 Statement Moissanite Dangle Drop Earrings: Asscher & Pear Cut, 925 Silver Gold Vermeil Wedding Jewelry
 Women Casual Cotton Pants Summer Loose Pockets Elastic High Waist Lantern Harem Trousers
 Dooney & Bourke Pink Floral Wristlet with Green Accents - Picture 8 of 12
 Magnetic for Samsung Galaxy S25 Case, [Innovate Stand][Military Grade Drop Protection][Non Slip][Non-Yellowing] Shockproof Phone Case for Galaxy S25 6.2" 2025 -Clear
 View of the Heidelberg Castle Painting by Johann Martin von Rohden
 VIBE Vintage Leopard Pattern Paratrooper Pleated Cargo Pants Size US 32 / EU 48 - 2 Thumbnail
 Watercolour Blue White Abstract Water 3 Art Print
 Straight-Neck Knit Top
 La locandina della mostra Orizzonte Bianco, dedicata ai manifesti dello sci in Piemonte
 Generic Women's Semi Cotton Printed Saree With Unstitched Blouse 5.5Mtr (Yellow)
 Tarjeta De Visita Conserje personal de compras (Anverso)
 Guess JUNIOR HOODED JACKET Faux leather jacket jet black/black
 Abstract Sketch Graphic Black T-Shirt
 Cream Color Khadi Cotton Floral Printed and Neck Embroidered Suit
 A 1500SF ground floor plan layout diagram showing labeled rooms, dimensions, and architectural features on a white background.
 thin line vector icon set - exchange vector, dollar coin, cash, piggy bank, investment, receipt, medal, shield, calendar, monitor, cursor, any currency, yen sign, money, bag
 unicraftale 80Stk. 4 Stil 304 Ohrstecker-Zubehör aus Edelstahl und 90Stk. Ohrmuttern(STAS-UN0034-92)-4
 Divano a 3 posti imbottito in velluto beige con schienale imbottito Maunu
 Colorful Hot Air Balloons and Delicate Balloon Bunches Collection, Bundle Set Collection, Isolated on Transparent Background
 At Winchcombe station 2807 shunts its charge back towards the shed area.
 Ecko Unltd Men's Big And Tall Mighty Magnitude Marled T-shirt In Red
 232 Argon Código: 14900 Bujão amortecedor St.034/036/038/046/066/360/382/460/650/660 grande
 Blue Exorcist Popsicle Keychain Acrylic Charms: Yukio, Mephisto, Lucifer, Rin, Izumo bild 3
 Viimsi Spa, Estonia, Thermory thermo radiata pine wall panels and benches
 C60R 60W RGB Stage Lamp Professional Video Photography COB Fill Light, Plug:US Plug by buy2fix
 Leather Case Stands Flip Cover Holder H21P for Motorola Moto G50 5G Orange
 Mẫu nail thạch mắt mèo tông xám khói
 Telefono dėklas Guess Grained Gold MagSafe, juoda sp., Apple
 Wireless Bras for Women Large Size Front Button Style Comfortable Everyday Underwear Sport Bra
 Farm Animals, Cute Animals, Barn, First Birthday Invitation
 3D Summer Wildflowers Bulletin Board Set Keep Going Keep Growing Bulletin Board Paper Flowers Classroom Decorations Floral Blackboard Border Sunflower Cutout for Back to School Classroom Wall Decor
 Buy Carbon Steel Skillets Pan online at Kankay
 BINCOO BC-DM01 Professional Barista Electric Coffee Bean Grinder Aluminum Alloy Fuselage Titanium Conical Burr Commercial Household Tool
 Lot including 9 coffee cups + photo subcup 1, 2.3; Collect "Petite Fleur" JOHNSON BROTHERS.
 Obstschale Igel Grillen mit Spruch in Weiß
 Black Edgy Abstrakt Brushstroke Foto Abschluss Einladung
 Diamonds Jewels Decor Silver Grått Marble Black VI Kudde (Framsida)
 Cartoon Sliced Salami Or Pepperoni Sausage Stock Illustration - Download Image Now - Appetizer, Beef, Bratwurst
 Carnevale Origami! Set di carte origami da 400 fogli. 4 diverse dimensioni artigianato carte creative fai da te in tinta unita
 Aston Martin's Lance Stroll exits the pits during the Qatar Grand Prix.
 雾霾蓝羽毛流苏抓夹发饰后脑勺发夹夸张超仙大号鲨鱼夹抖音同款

+ + + + +

### TASK PROMPT
Copy all records verbatim.

### ANSWER BOX
 Statement Moissanite Dangle Drop Earrings: Asscher & Pear Cut, 925 Silver Gold Vermeil Wedding Jewelry
 Women Casual Cotton Pants Summer Loose Pockets Elastic High Waist Lantern Harem Trousers
 Dooney & Bourke Pink Floral Wristlet with Green Accents - Picture 8 of 12
 Magnetic for Samsung Galaxy S25 Case, [Innovate Stand][Military Grade Drop Protection][Non Slip][Non-Yellowing] Shockproof Phone Case for Galaxy S25 6.2" 2025 -Clear
 View of the Heidelberg Castle Painting by Johann Martin von Rohden
 VIBE Vintage Leopard Pattern Paratrooper Pleated Cargo Pants Size US 32 / EU 48 - 2 Thumbnail
 Watercolour Blue White Abstract Water 3 Art Print
 Straight-Neck Knit Top
 La locandina della mostra Orizzonte Bianco, dedicata ai manifesti dello sci in Piemonte
 Generic Women's Semi Cotton Printed Saree With Unstitched Blouse 5.5Mtr (Yellow)
 Tarjeta De Visita Conserje personal de compras (Anverso)
 Guess JUNIOR HOODED JACKET Faux leather jacket jet black/black
 Abstract Sketch Graphic Black T-Shirt
 Cream Color Khadi Cotton Floral Printed and Neck Embroidered Suit
 A 1500SF ground floor plan layout diagram showing labeled rooms, dimensions, and architectural features on a white background.
 thin line vector icon set - exchange vector, dollar coin, cash, piggy bank, investment, receipt, medal, shield, calendar, monitor, cursor, any currency, yen sign, money, bag
 unicraftale 80Stk. 4 Stil 304 Ohrstecker-Zubehör aus Edelstahl und 90Stk. Ohrmuttern(STAS-UN0034-92)-4
 Divano a 3 posti imbottito in velluto beige con schienale imbottito Maunu
 Colorful Hot Air Balloons and Delicate Balloon Bunches Collection, Bundle Set Collection, Isolated on Transparent Background
 At Winchcombe station 2807 shunts its charge back towards the shed area.
 Ecko Unltd Men's Big And Tall Mighty Magnitude Marled T-shirt In Red
 232 Argon Código: 14900 Bujão amortecedor St.034/036/038/046/066/360/382/460/650/660 grande
 Blue Exorcist Popsicle Keychain Acrylic Charms: Yukio, Mephisto, Lucifer, Rin, Izumo bild 3
 Viimsi Spa, Estonia, Thermory thermo radiata pine wall panels and benches
 C60R 60W RGB Stage Lamp Professional Video Photography COB Fill Light, Plug:US Plug by buy2fix
 Leather Case Stands Flip Cover Holder H21P for Motorola Moto G50 5G Orange
 Mẫu nail thạch mắt mèo tông xám khói
 Telefono dėklas Guess Grained Gold MagSafe, juoda sp., Apple
 Wireless Bras for Women Large Size Front Button Style Comfortable Everyday Underwear Sport Bra
 Farm Animals, Cute Animals, Barn, First Birthday Invitation
 3D Summer Wildflowers Bulletin Board Set Keep Going Keep Growing Bulletin Board Paper Flowers Classroom Decorations Floral Blackboard Border Sunflower Cutout for Back to School Classroom Wall Decor
 Buy Carbon Steel Skillets Pan online at Kankay
 BINCOO BC-DM01 Professional Barista Electric Coffee Bean Grinder Aluminum Alloy Fuselage Titanium Conical Burr Commercial Household Tool
 Lot including 9 coffee cups + photo subcup 1, 2.3; Collect "Petite Fleur" JOHNSON BROTHERS.
 Obstschale Igel Grillen mit Spruch in Weiß
 Black Edgy Abstrakt Brushstroke Foto Abschluss Einladung
 Diamonds Jewels Decor Silver Grått Marble Black VI Kudde (Framsida)
 Cartoon Sliced Salami Or Pepperoni Sausage Stock Illustration - Download Image Now - Appetizer, Beef, Bratwurst
 Carnevale Origami! Set di carte origami da 400 fogli. 4 diverse dimensioni artigianato carte creative fai da te in tinta unita
 Aston Martin's Lance Stroll exits the pits during the Qatar Grand Prix.
 雾霾蓝羽毛流苏抓夹发饰后脑勺发夹夸张超仙大号鲨鱼夹抖音同款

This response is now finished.